Exercise input:
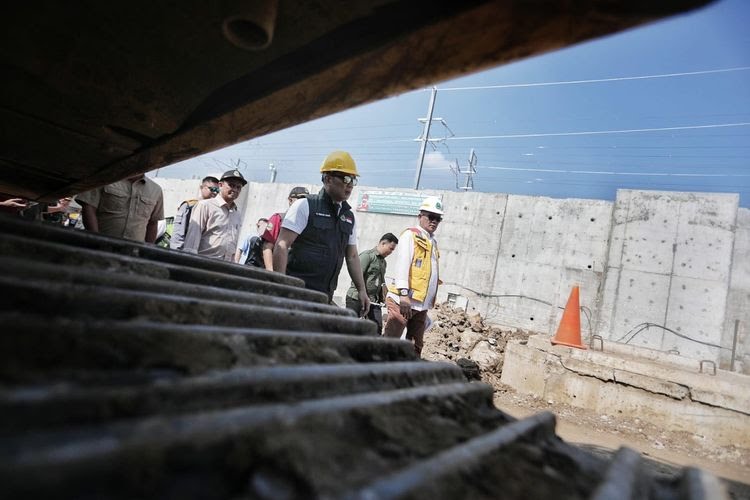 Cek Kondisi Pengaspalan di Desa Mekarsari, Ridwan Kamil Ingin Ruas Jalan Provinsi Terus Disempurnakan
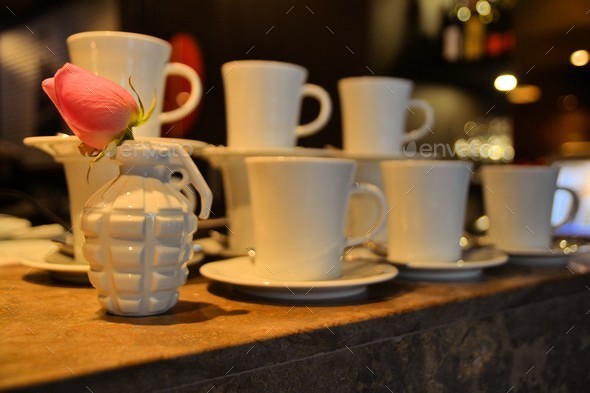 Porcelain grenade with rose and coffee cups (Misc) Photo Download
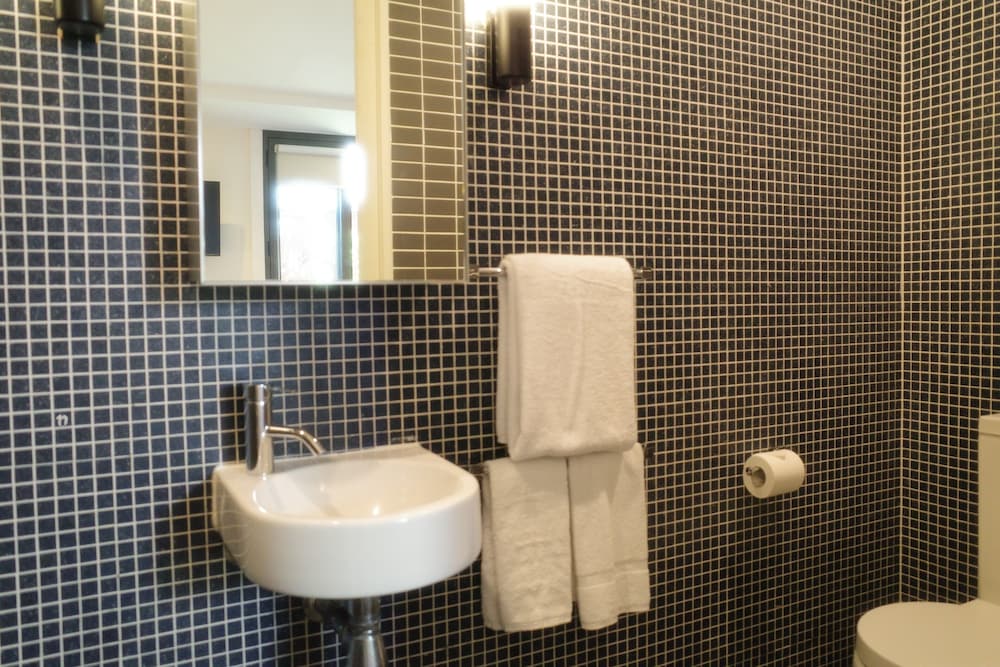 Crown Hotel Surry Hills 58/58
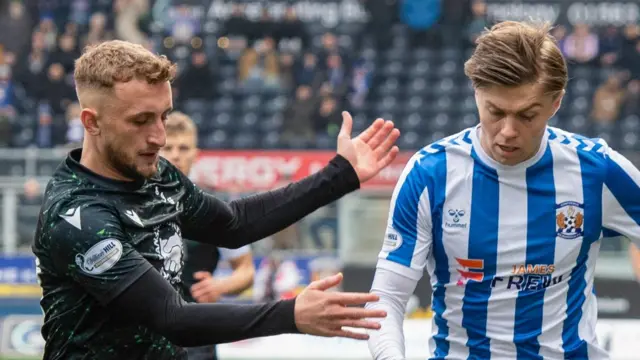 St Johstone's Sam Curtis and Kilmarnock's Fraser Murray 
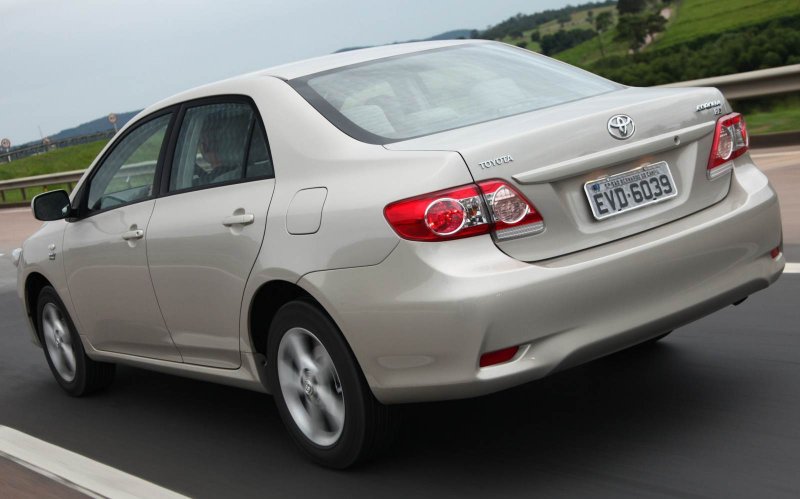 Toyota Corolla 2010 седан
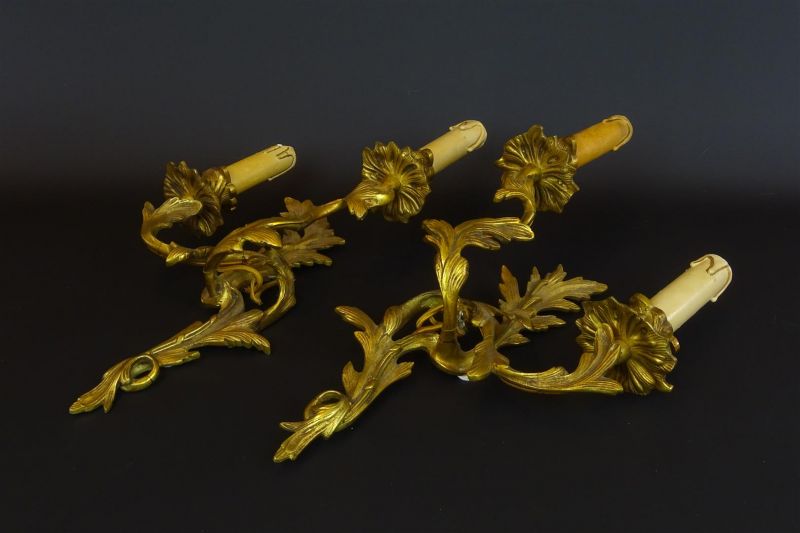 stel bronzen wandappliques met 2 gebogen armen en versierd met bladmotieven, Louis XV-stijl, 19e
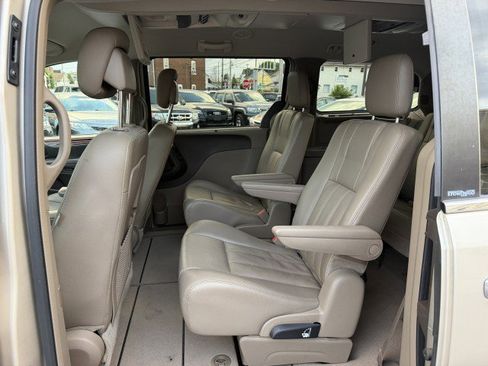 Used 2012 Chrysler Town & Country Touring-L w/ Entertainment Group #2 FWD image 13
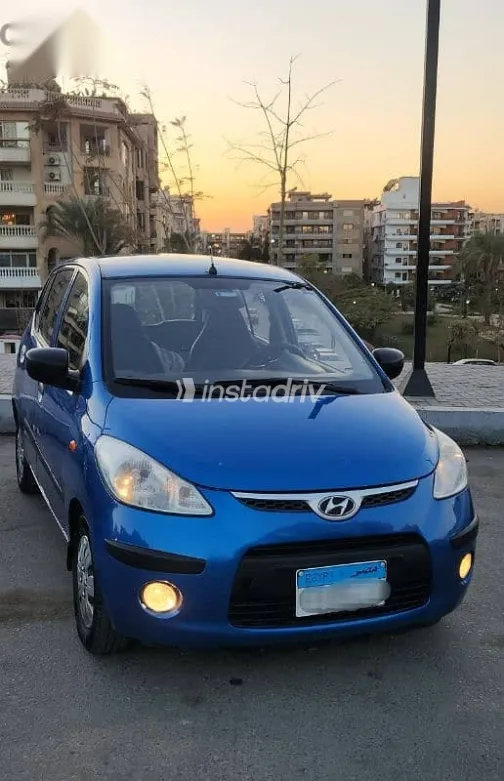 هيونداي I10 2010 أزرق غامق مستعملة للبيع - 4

--

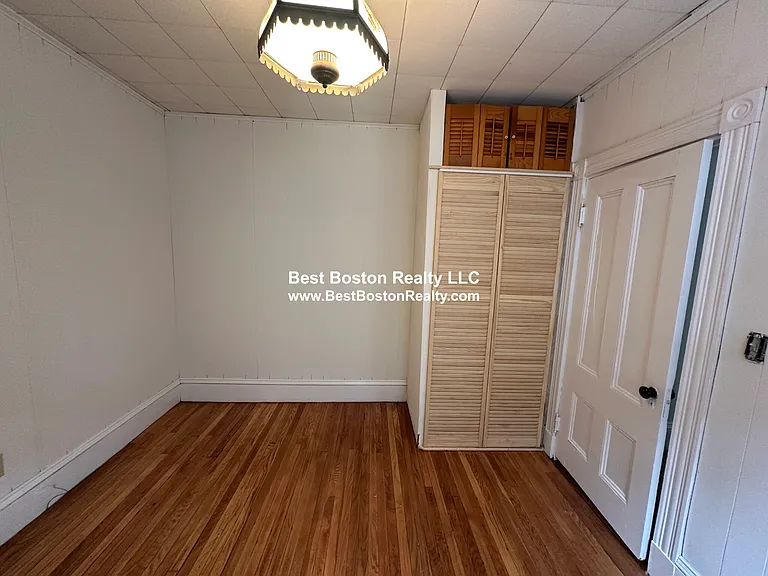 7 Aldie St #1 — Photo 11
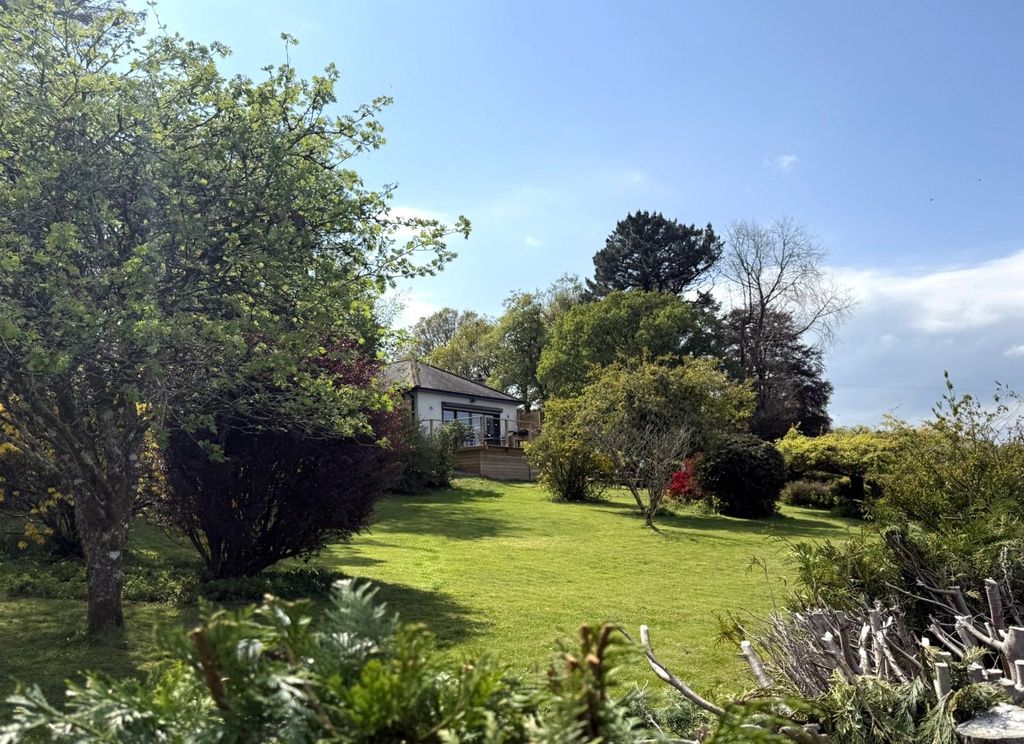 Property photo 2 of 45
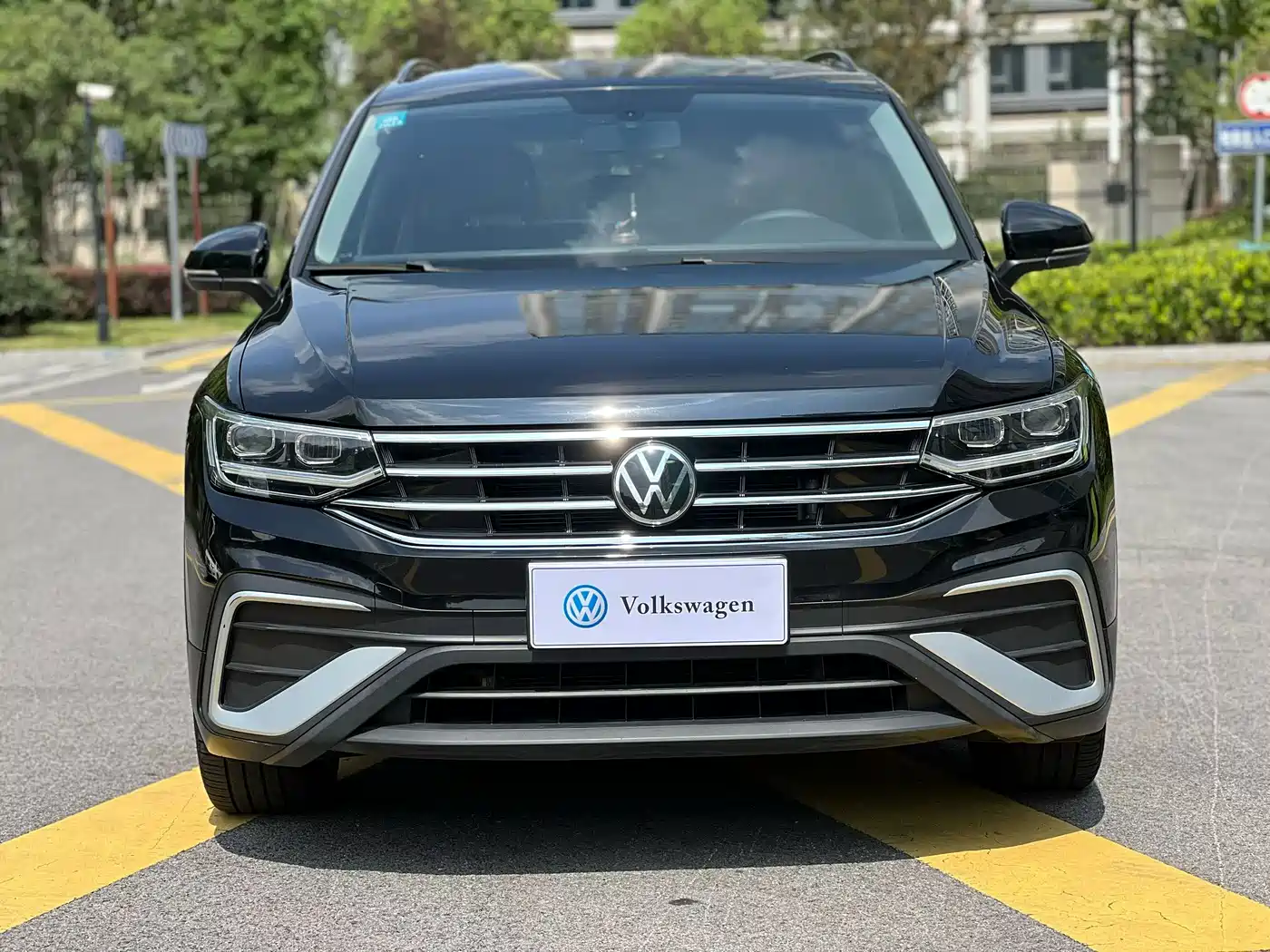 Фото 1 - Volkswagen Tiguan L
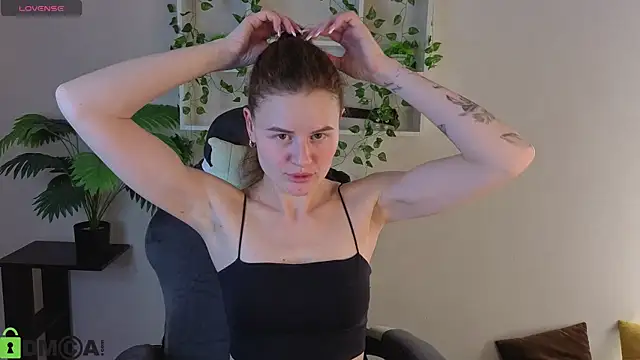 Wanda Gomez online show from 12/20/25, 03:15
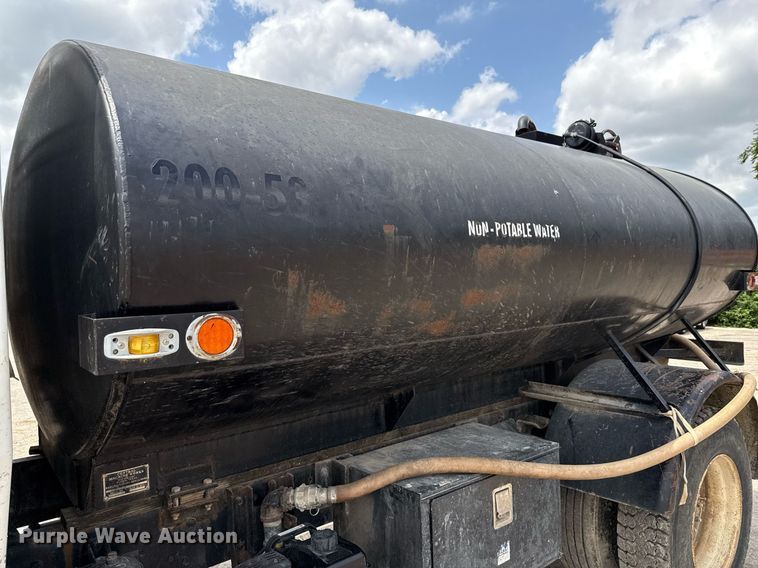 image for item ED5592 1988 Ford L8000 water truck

--

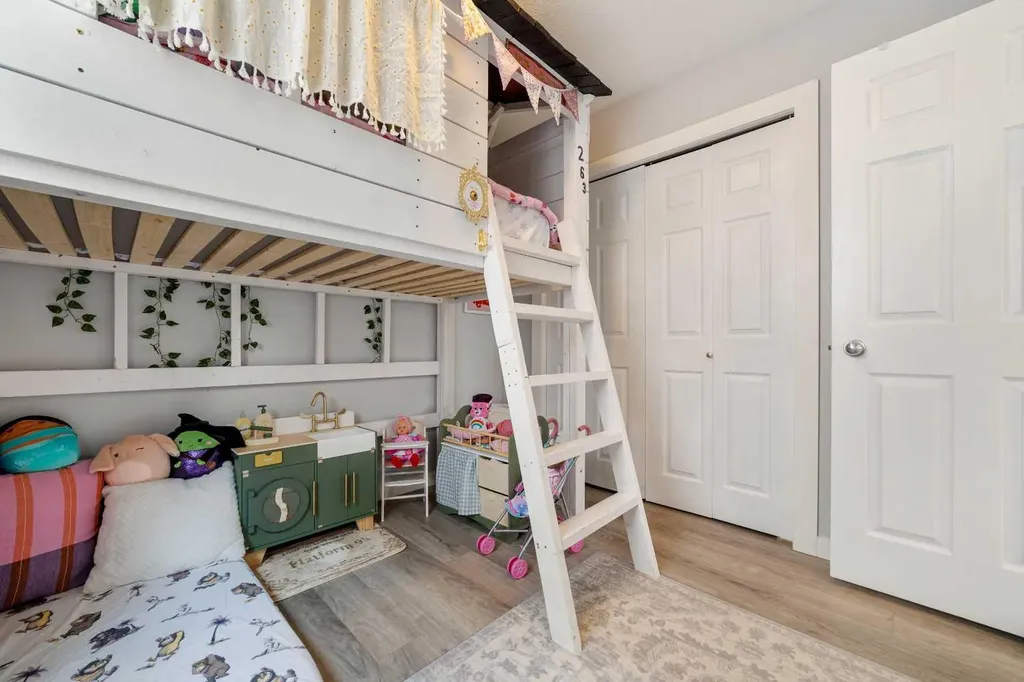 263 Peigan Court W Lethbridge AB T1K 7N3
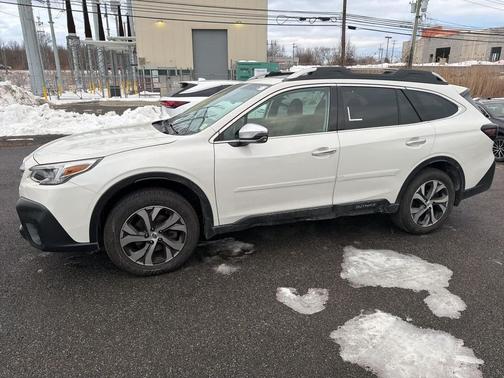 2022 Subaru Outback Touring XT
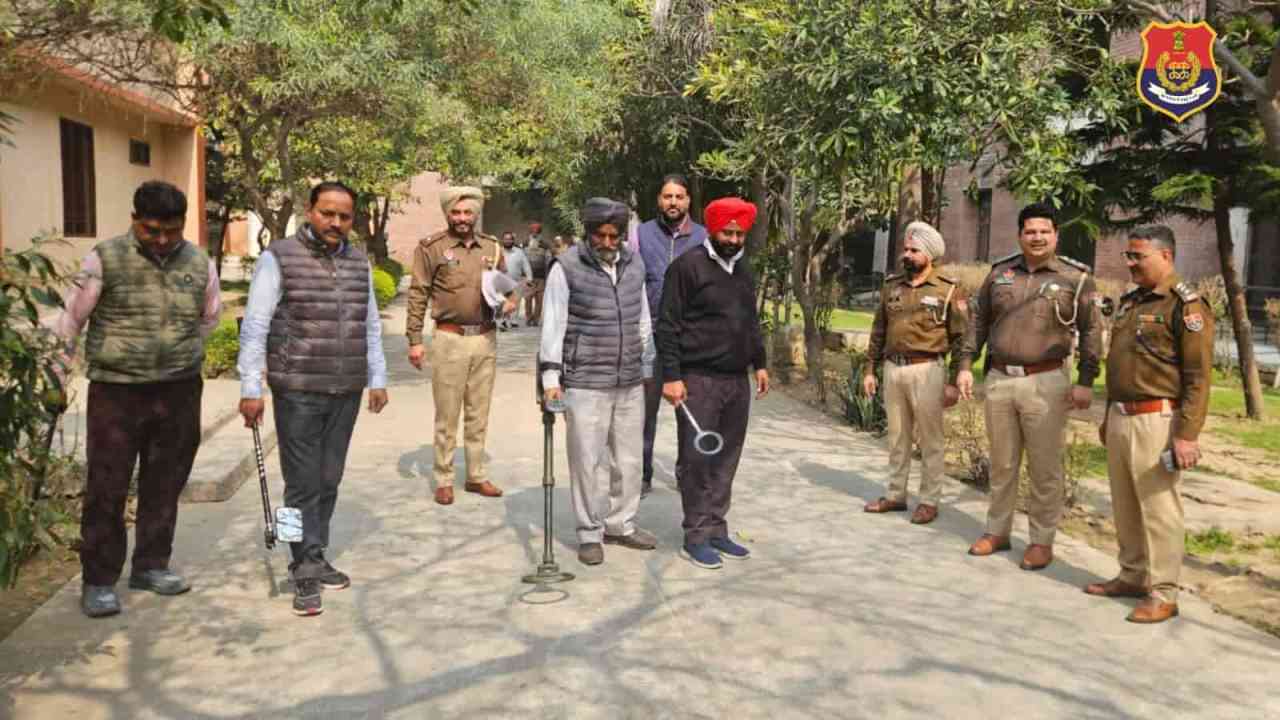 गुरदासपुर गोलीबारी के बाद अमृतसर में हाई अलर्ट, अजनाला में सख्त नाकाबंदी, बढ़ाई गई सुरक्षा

Task prompt: From the records above, copy only the lines running from the line holding "Cek Kondisi Pengaspalan" through the line holding "هيونداي I10 2010 أزرق غامق مستعملة للبيع - 4", with no pictures.

Response to the exercise:
 Cek Kondisi Pengaspalan di Desa Mekarsari, Ridwan Kamil Ingin Ruas Jalan Provinsi Terus Disempurnakan
 Porcelain grenade with rose and coffee cups (Misc) Photo Download
 Crown Hotel Surry Hills 58/58
 St Johstone's Sam Curtis and Kilmarnock's Fraser Murray 
 Toyota Corolla 2010 седан
 stel bronzen wandappliques met 2 gebogen armen en versierd met bladmotieven, Louis XV-stijl, 19e
 Used 2012 Chrysler Town & Country Touring-L w/ Entertainment Group #2 FWD image 13
 هيونداي I10 2010 أزرق غامق مستعملة للبيع - 4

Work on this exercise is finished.